* **EXERCISE**: Because the images are not wanted, restate every line below word for word without them.

* **STUDY MATERIAL**:

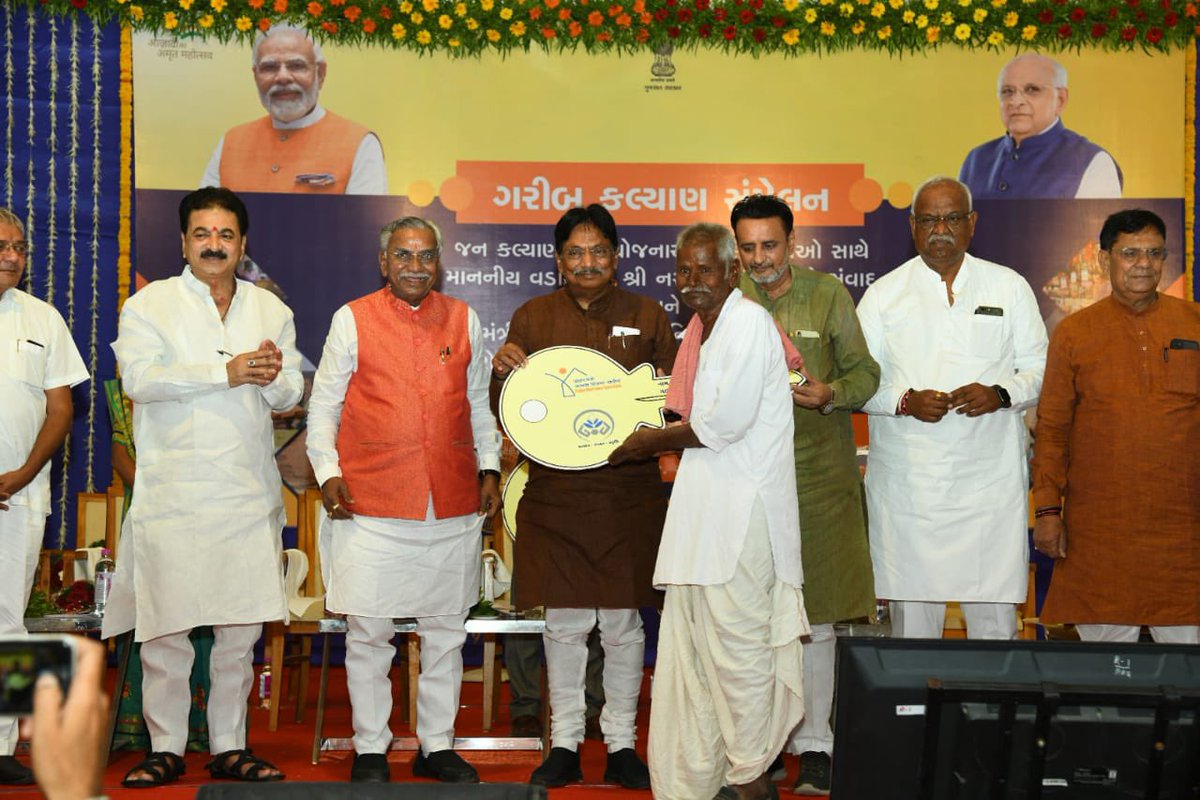 Ahmedabad Collector (@collectorahd) on Twitter photo આઝાદી કા અમૃત મહોત્સવ’ અંતર્ગત માનનીય વડાપ્રધાનશ્રી <a href="/narendramodi/">Narendra Modi</a> સાહેબની વર્ચ્યુઅલ ઉપસ્થિતિમાં રાષ્ટ્રકક્ષાના જન કલ્યાણકારી યોજનાઓના લાભાર્થીઓની સાથે સંવાદ કાર્યક્રમમાં જિલ્લાનાપ્રભારી મંત્રીશ્રી ઋષિકેશ પટેલનાઉપસ્થિતિમાં દસ્ક્રોઇ તાલુકા સ્થિત નારાયણ ધામખાતે કાર્યક્રમ યોજાયો. આઝાદી કા અમૃત મહોત્સવ’ અંતર્ગત માનનીય વડાપ્રધાનશ્રી <a href="/narendramodi/">Narendra Modi</a> સાહેબની વર્ચ્યુઅલ ઉપસ્થિતિમાં રાષ્ટ્રકક્ષાના જન કલ્યાણકારી યોજનાઓના લાભાર્થીઓની સાથે સંવાદ કાર્યક્રમમાં જિલ્લાનાપ્રભારી મંત્રીશ્રી ઋષિકેશ પટેલનાઉપસ્થિતિમાં દસ્ક્રોઇ તાલુકા સ્થિત નારાયણ ધામખાતે કાર્યક્રમ યોજાયો.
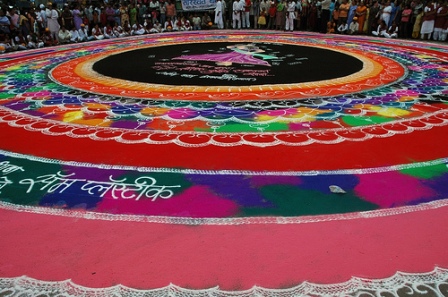 Diwali Big Rangoli -suunnittelu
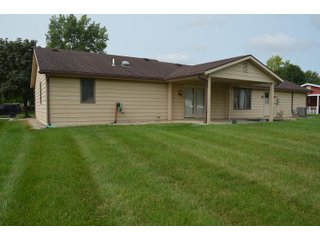 Home in Allen County, Indiana - REAL ESTATE AUCTION - 2 BEDROOM HOME IN ALLEN COUNTY, INDIANA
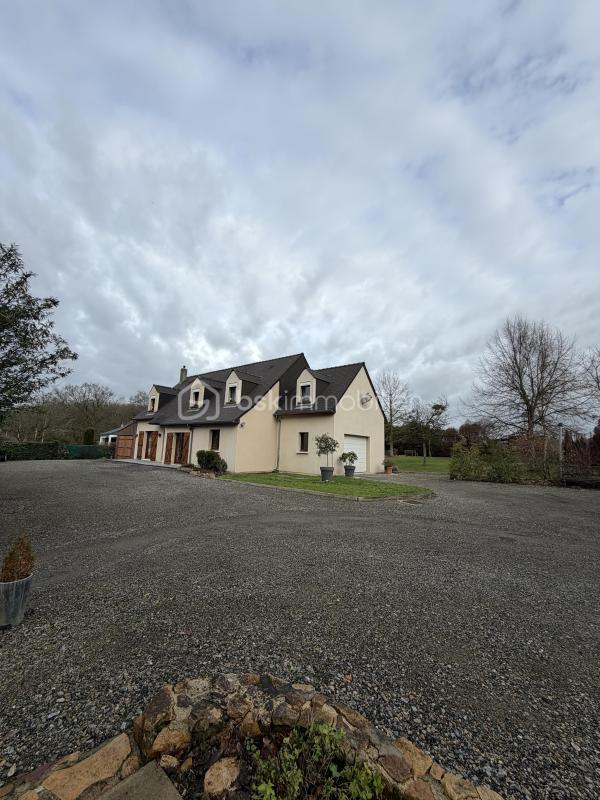 Pavillon - 151 m² - 7 pièces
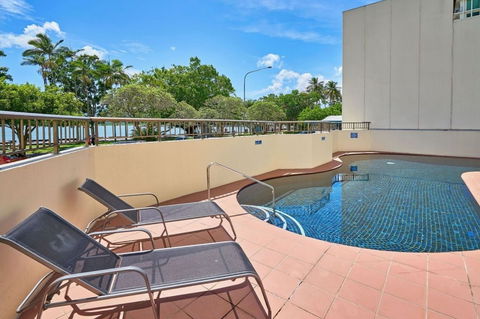 Cairns Ocean View Apartment In Aquarius - Accommodation Port Macquarie 1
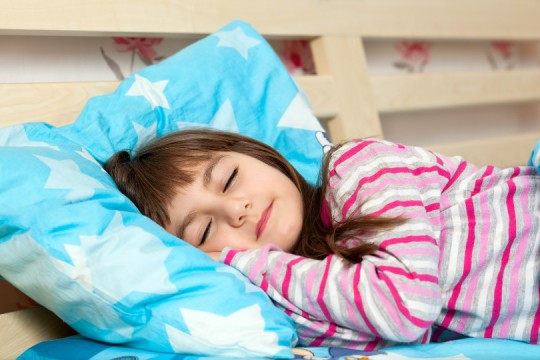 Cum acționăm în cazul în care copilul vorbește sau merge prin somn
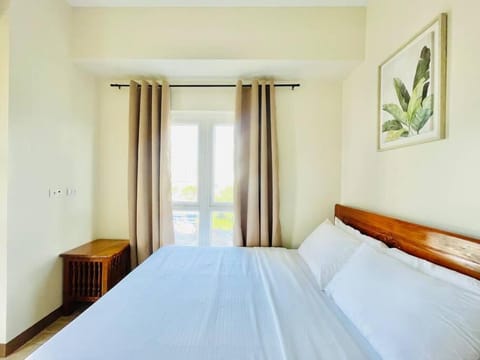 21 Prime Location Family Suite Apartment in Iloilo City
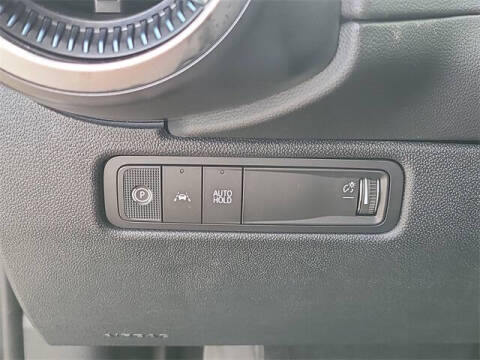 2026 Chevrolet Equinox EV LT 1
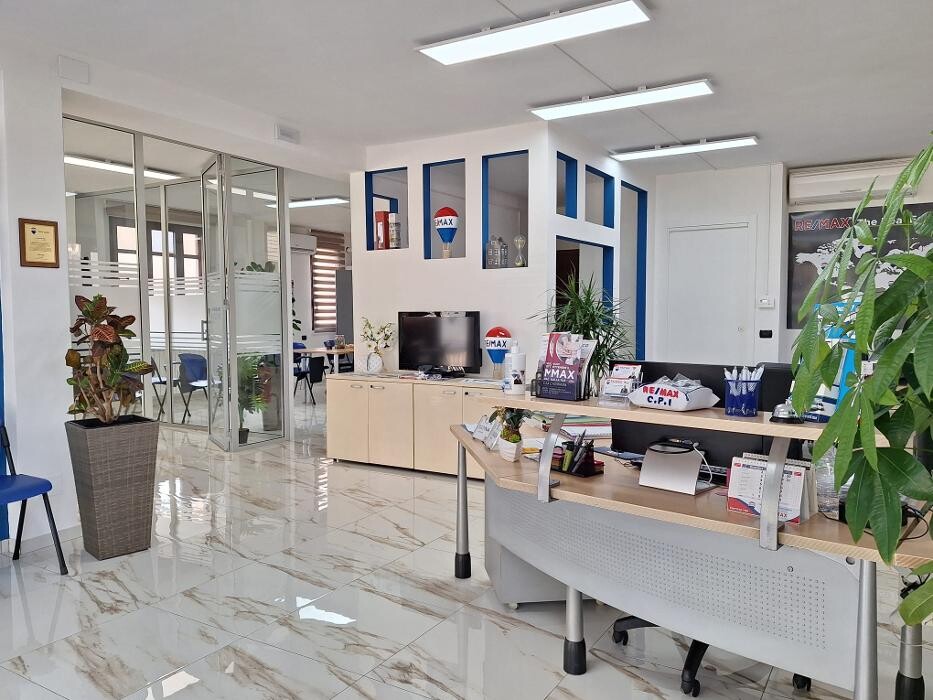 Images RE/MAX Centro Professionisti Immobiliari 2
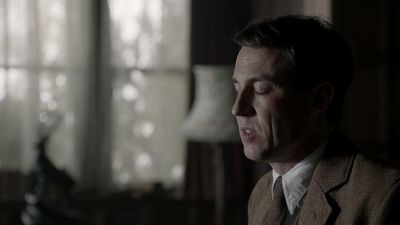 OUTLANDER_-_E1X08_BOTH_SIDES_NOW_0510.jpg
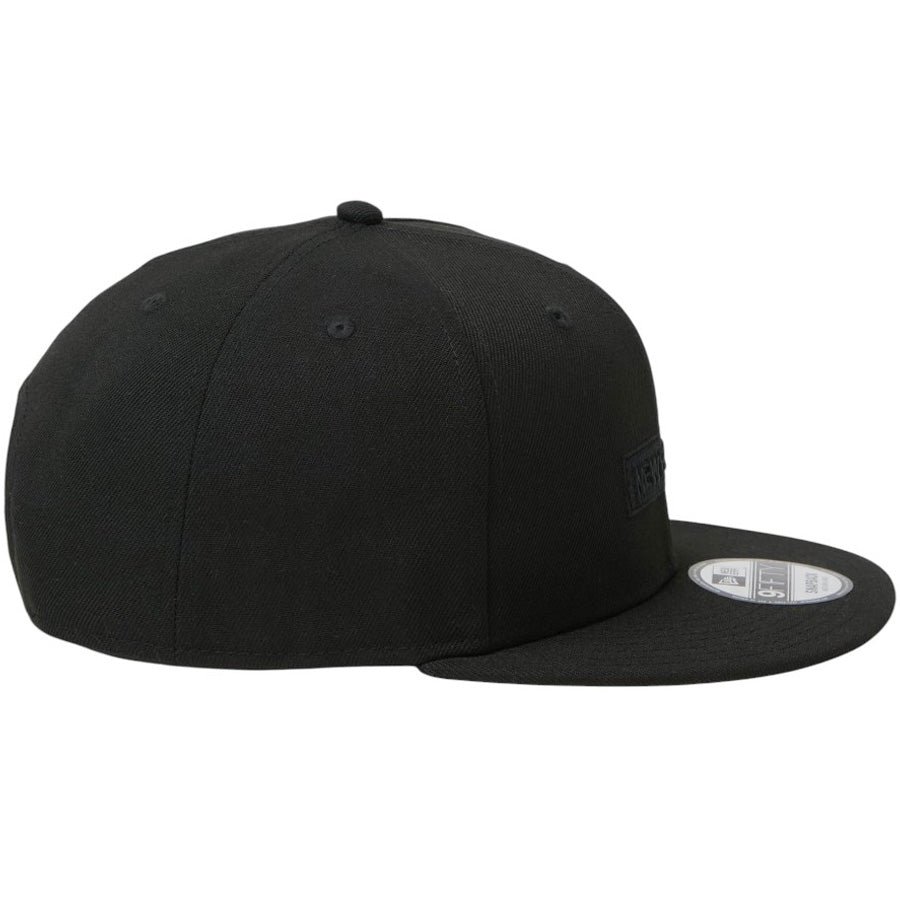 NEW ERA 9FIFTY Metal Flag NEW ERA 1920 ブラック/ゴールド 右向き キャップ 15137010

* **WRITTEN ANSWER**:
 Ahmedabad Collector (@collectorahd) on Twitter photo આઝાદી કા અમૃત મહોત્સવ’ અંતર્ગત માનનીય વડાપ્રધાનશ્રી <a href="/narendramodi/">Narendra Modi</a> સાહેબની વર્ચ્યુઅલ ઉપસ્થિતિમાં રાષ્ટ્રકક્ષાના જન કલ્યાણકારી યોજનાઓના લાભાર્થીઓની સાથે સંવાદ કાર્યક્રમમાં જિલ્લાનાપ્રભારી મંત્રીશ્રી ઋષિકેશ પટેલનાઉપસ્થિતિમાં દસ્ક્રોઇ તાલુકા સ્થિત નારાયણ ધામખાતે કાર્યક્રમ યોજાયો. આઝાદી કા અમૃત મહોત્સવ’ અંતર્ગત માનનીય વડાપ્રધાનશ્રી <a href="/narendramodi/">Narendra Modi</a> સાહેબની વર્ચ્યુઅલ ઉપસ્થિતિમાં રાષ્ટ્રકક્ષાના જન કલ્યાણકારી યોજનાઓના લાભાર્થીઓની સાથે સંવાદ કાર્યક્રમમાં જિલ્લાનાપ્રભારી મંત્રીશ્રી ઋષિકેશ પટેલનાઉપસ્થિતિમાં દસ્ક્રોઇ તાલુકા સ્થિત નારાયણ ધામખાતે કાર્યક્રમ યોજાયો.
 Diwali Big Rangoli -suunnittelu
 Home in Allen County, Indiana - REAL ESTATE AUCTION - 2 BEDROOM HOME IN ALLEN COUNTY, INDIANA
 Pavillon - 151 m² - 7 pièces
 Cairns Ocean View Apartment In Aquarius - Accommodation Port Macquarie 1
 Cum acționăm în cazul în care copilul vorbește sau merge prin somn
 21 Prime Location Family Suite Apartment in Iloilo City
 2026 Chevrolet Equinox EV LT 1
 Images RE/MAX Centro Professionisti Immobiliari 2
 OUTLANDER_-_E1X08_BOTH_SIDES_NOW_0510.jpg
 NEW ERA 9FIFTY Metal Flag NEW ERA 1920 ブラック/ゴールド 右向き キャップ 15137010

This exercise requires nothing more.